Tony is a writer, photographer and professional freestyle skateboarder from England. Since graduating from University College Falmouth in 2011 with a BA in English with Creative Writing, he has been helping to run a website that focuses on film photography called www.pdexposures.comHere I asked him to comment on photography and it’s place in modern day culture.

Rebecca Edwards

It’s hard to write about photography these days. I should know; I’ve been doing this a while, but that’s the problem – so has everyone else. We’re drowning in a sea of images – and I don’t just mean the 350 million photos that get uploaded to Facebook every day (yes, 350 million. I’m not making that up.)[1] See, we’re also being attacked by a barrage of writings on the subject; for every “artsy” photograph that appears on Flickr, there are three people having a conversation about it on Twitter, at least one Petapixel post about it, and a strangely self-contradictory review of it on Ken Rockwell’s blog. Even this subject – the democratisation of photography – has been written about so much that it’s passé to even mention it now. There’s no room for movement anymore.

However, the real problem with all of this is when a particular artistic avenue is completely explored to death, there are only two real escapes: one is regression: i.e. a return to previous values assumed lost, such as the move towards film photography and the somewhat puritanical attitude its users sometimes express. The other is to push further, to head into the avant-garde. This binary opposition of ideologies fights until a new norm is decided, till the process begins again.

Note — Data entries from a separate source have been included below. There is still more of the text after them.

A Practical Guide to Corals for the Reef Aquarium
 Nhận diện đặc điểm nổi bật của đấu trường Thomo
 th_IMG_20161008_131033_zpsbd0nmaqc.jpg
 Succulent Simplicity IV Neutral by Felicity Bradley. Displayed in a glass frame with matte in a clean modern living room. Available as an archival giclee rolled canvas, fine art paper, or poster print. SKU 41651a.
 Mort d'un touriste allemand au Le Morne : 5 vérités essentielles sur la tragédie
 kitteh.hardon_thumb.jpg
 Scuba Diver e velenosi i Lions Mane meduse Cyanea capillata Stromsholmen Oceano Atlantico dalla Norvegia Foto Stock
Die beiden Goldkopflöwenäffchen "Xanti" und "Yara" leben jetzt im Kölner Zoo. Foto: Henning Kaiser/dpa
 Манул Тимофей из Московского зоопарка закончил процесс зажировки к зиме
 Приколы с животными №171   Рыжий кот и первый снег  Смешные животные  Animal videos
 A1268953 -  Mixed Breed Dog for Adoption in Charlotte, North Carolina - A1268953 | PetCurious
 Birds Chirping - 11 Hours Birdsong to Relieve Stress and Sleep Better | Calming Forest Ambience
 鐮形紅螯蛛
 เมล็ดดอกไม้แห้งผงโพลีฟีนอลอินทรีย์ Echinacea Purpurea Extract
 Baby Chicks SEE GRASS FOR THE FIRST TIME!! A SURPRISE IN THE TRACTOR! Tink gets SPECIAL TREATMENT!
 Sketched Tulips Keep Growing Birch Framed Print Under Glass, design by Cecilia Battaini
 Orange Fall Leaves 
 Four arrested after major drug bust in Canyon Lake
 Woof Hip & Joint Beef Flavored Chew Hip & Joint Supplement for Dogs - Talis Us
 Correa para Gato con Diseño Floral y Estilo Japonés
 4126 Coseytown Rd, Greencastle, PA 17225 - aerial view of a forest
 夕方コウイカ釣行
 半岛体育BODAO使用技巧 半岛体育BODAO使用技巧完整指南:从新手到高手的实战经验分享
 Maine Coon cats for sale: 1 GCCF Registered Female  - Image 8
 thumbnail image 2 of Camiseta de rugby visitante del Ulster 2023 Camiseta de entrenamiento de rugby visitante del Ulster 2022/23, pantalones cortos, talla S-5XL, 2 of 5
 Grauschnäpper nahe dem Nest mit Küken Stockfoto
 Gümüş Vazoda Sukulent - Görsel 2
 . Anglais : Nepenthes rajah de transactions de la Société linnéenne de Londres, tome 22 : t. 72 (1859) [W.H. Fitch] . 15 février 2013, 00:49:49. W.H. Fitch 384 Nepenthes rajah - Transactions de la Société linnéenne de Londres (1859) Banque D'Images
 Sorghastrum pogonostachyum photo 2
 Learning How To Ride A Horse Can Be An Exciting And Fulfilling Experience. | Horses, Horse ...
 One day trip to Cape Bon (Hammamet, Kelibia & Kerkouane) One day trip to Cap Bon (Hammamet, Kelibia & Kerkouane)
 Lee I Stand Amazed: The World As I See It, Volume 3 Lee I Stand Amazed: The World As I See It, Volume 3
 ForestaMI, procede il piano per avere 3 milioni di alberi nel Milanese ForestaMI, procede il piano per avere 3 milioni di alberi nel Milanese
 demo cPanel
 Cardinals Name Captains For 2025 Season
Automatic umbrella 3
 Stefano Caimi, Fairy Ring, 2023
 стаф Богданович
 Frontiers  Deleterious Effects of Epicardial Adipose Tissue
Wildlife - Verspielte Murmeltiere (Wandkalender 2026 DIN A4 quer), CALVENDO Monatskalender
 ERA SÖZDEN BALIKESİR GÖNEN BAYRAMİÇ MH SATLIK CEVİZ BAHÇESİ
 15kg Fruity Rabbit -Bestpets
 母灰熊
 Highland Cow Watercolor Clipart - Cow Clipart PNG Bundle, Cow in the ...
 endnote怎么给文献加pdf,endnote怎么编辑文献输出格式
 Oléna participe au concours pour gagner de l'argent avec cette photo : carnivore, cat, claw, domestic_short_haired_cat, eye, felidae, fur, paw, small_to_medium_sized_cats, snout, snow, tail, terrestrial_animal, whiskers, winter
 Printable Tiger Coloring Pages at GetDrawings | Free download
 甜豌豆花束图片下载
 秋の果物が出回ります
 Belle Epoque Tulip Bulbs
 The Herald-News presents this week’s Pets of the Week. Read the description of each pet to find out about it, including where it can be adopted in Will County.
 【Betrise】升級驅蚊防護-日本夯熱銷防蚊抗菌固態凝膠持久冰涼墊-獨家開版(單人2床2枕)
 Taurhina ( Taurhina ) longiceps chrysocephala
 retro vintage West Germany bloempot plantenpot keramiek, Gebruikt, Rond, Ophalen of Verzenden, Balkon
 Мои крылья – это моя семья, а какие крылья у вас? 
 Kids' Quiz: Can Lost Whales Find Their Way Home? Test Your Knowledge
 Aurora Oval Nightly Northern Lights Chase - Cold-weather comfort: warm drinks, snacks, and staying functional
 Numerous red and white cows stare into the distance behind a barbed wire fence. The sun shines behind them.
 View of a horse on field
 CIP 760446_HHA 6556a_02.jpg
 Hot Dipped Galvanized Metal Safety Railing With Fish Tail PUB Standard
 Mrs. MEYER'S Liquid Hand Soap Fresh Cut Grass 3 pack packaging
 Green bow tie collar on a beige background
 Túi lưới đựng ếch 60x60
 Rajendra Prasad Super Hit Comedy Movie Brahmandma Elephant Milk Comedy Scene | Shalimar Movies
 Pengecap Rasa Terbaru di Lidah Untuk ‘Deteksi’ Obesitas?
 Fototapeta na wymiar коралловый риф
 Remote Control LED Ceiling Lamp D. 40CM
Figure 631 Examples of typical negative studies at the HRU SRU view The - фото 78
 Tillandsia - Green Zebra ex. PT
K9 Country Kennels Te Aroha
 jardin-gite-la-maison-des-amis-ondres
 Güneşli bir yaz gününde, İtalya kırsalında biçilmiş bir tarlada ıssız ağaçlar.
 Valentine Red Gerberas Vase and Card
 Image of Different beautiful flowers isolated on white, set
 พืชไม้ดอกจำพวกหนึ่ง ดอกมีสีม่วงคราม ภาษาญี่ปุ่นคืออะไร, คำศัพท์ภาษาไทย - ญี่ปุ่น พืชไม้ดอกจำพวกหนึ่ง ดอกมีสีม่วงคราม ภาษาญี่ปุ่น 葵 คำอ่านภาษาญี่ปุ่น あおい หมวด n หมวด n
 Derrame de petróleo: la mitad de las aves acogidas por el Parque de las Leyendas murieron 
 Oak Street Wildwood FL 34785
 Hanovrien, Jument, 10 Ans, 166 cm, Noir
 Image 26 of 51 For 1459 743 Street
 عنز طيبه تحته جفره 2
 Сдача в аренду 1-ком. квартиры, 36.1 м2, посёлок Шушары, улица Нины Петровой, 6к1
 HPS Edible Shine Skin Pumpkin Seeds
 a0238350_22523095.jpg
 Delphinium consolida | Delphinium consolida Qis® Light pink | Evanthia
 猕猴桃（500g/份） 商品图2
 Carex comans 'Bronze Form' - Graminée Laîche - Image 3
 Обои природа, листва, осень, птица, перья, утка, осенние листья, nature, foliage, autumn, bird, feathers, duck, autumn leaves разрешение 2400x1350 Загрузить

But what happens to the aspiring writer, the fledgling critic, the voice lost in the crowd? As a photographer who has a writing degree to his name, it’s agonising to see the amount of half-baked, poorly-written dross that pass for writing in this democratised era of blogs and internet self-publishing. Some of the most internet-famous names in photographic blogging seem to lack a basic grasp on grammar, or fact checking (or even producing original work that aren’t entire rip offs from elsewhere) is a practice that was lost a long time ago.

At some point just after the turn of the millennium, I had an IT teacher say something to me that has remained stuck in my head. He proposed to me that we were heading towards a new Dark Age, caused not by the lack of information, but the flood of it. In this modern, populist world where everyone can have their say, where everyone can create, where the barriers to the photographic and writing practices (namely that of study, or time served as an assistant), have been removed by the accessibility of modern technology, there is an overwhelming abundance of content being created. True skill is lost amongst a sea of holiday photos, “selfies”, cat photos and lomography, and excellent criticism being left behind by the self-promoting blogger with more ego than craft. Worse, we’re beginning to prioritise cameras over craft; there have been more words put to metaphorical paper over the recent Nikon faux-retro D-whatever than the amazing story and recent work of Giles Duley[2], and that’s a ridiculous travesty.

As a typical leftie-artist-type, it pains me to say it, but maybe the freedom we craved will be our own undoing. Maybe what we need now isn’t more technology and more artists, but more editors and curators. But then who is really fit to make the decision as to what to publish and what to burn?